■ **DATA SHOWN**:
══════════

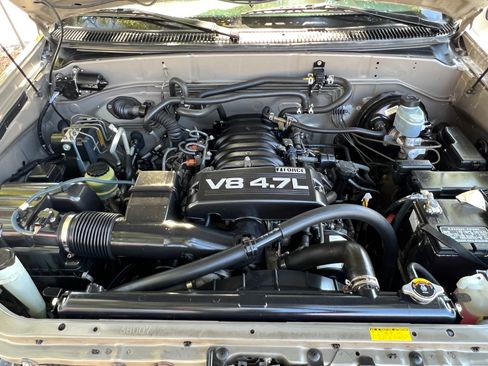 Used 2007 Toyota Sequoia Limited image 32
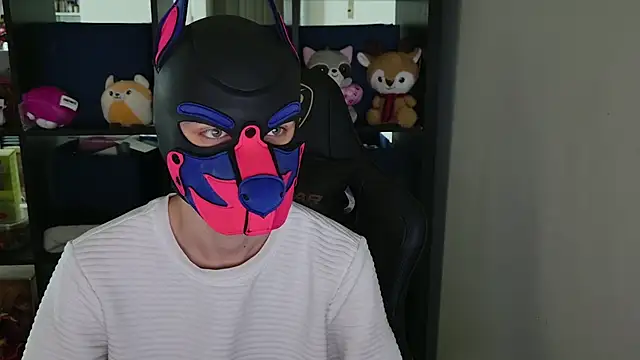 Snapshot of MellPUP chatting on April 13, 2026, 9:30 pm MellPUP online show from April 13, 2026, 9:30 pm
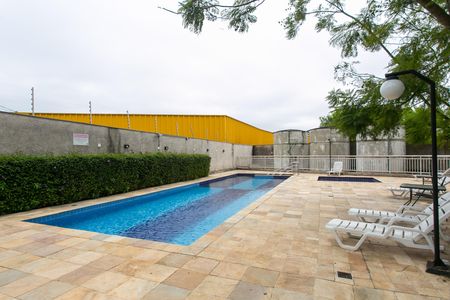 Apartamento à venda com 40m², 2 quartos e 1 vaga Apartamento à venda com 40m², 2 quartos e 1 vagaÁrea comum - Piscina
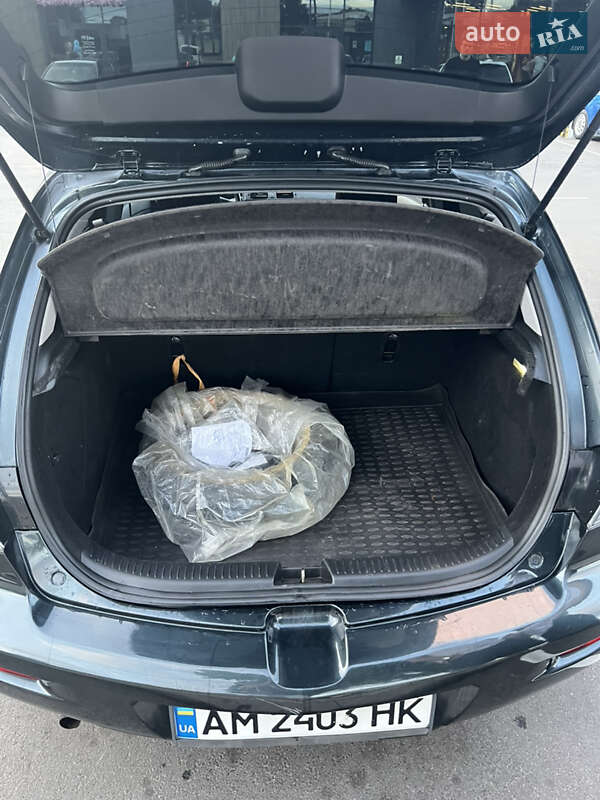Хэтчбек Mazda 3 2005 в Житомире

══════════

■ **TASK OBJECTIVE**: Please give all of the material again, exactly, without the images.

■ **TASK SOLUTION**:
 Used 2007 Toyota Sequoia Limited image 32
 Snapshot of MellPUP chatting on April 13, 2026, 9:30 pm MellPUP online show from April 13, 2026, 9:30 pm
 Apartamento à venda com 40m², 2 quartos e 1 vaga Apartamento à venda com 40m², 2 quartos e 1 vagaÁrea comum - Piscina
Хэтчбек Mazda 3 2005 в Житомире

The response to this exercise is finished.